Question de Mme PRIMAS Sophie (Yvelines - Les Républicains) publiée le 12/06/2019

Question posée en séance publique le 11/06/2019

Mme Sophie Primas. Ma question s'adressait à M. le ministre de l'économie et des finances ; elle s'adresse donc à Mme la secrétaire d'État. Elle porte sur les turbulences récentes, mais fortes, que traverse le groupe Renault.

Déjà ébranlée par plusieurs mois de tensions, à la suite du départ rocambolesque de Carlos Ghosn, l'alliance est de nouveau éprouvée par la discussion, puis le retrait apparent ou réel – vous nous le direz – d'une offre de fusion faite par le groupe Fiat.

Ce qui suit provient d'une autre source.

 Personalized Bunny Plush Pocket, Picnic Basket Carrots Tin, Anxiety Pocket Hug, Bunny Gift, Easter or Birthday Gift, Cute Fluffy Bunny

La compétitivité et la conquête d'opportunités par Renault ont toujours été, au fil des différents gouvernements, une priorité industrielle et stratégique pour notre pays. Or un potentiel rapprochement pour le moins précipité avec Fiat n'aurait probablement pas atteint ces objectifs : la proposition de Fiat s'appuyait sur une valorisation au rabais de Renault, donnait les coudées franches à la famille Agnelli dans la gouvernance de la nouvelle entité fusionnée et divisait par deux la part de l'État dans l'actionnariat.

Au-delà de ce « deal » enterré peut-être aussi soudainement qu'il a été envisagé, je souhaiterais que vous nous éclairiez sur les opportunités que vous pourriez encore voir à cette éventuelle alliance entre ces constructeurs assez similaires, deux constructeurs qui chassent souvent dans les mêmes zones géographiques et sur les mêmes gammes de voiture. Quels sont les risques également en matière d'emploi, de gouvernance et d'alliance ?

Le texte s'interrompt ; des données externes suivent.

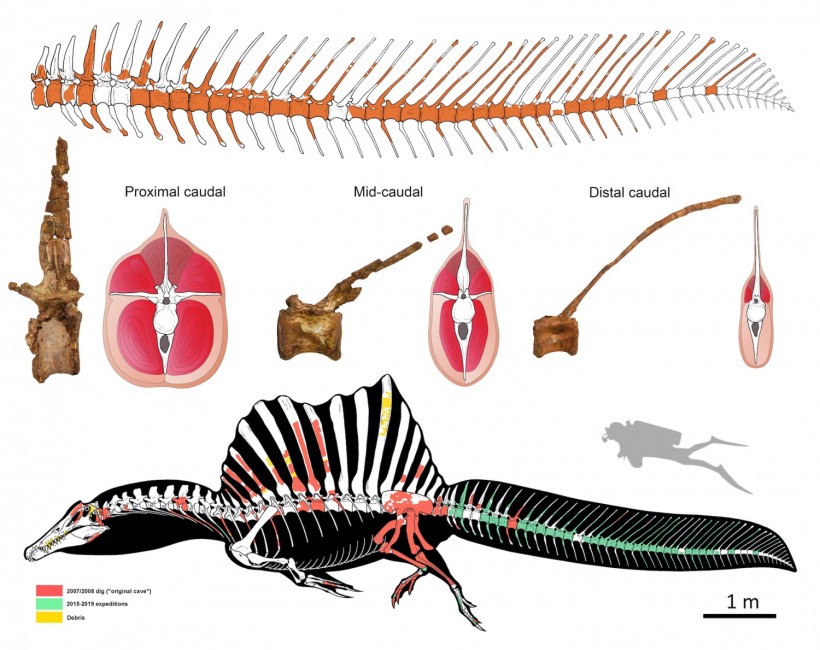 Spinosaurus anatomy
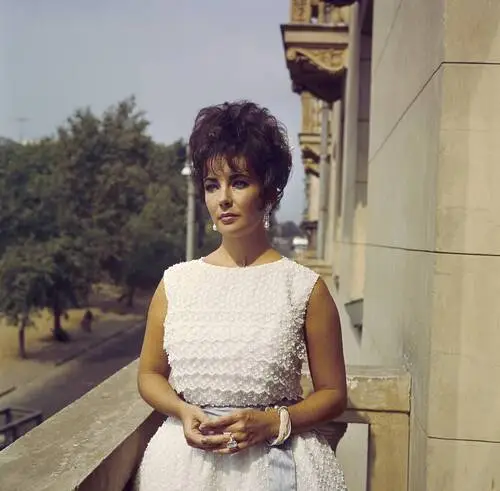 Elizabeth Taylor Wall Poster picture 351841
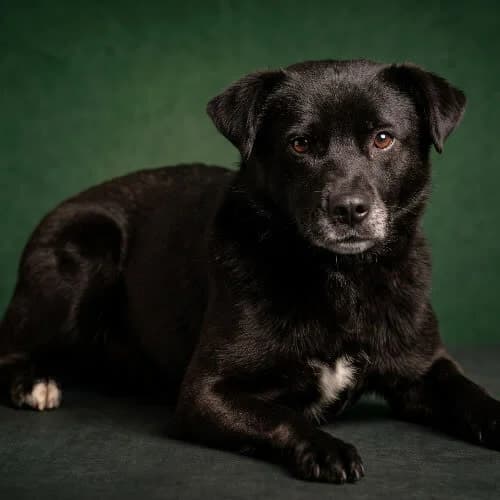 AGENT, male 5yo Mixed Breed for adoption at Fundacja Puszatek, Warszawa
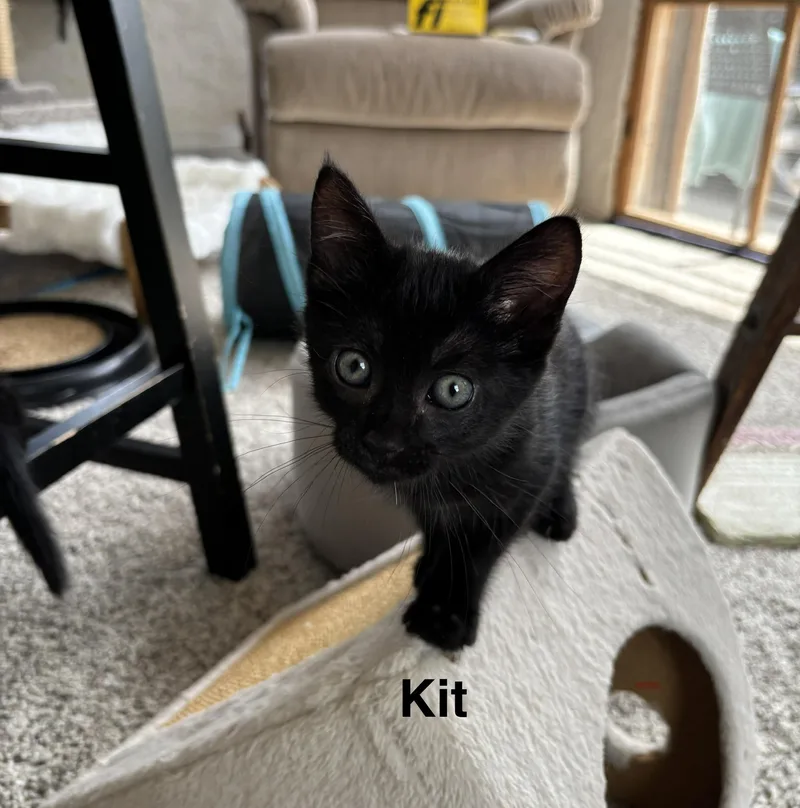 Kit  The Pretty thumbnail 2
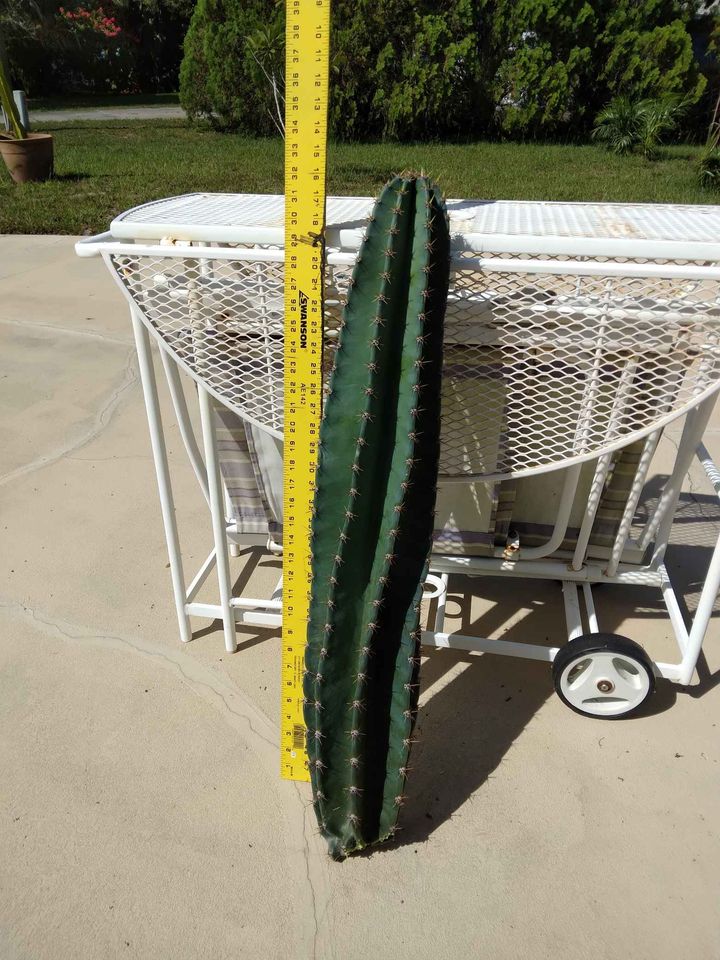 Peruvian Apple Cactus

Pouvez-vous nous indiquer si vous poursuivez, officiellement ou pas, avec le groupe Renault la discussion ? Quelles seraient vos conditions pour un accord ? Quelles garanties pourriez-vous demander ?

Enfin, il n'est pas impossible que ces allers et retours avec Fiat mettent en péril l'alliance entre Renault et Nissan. La tiédeur de Nissan devrait d'ailleurs nous inviter à la prudence : le groupe japonais s'est abstenu lors du vote au sujet de la fusion. Le ministre Bruno Le Maire s'est rendu au Japon la semaine dernière à l'occasion du G20 Finances pour tenter d'apaiser les relations entre les deux groupes, et Nissan, qui tiendra le 25 juin prochain son assemblée générale, vient d'apprendre par courrier que Renault s'opposait à la nouvelle gouvernance du groupe japonais.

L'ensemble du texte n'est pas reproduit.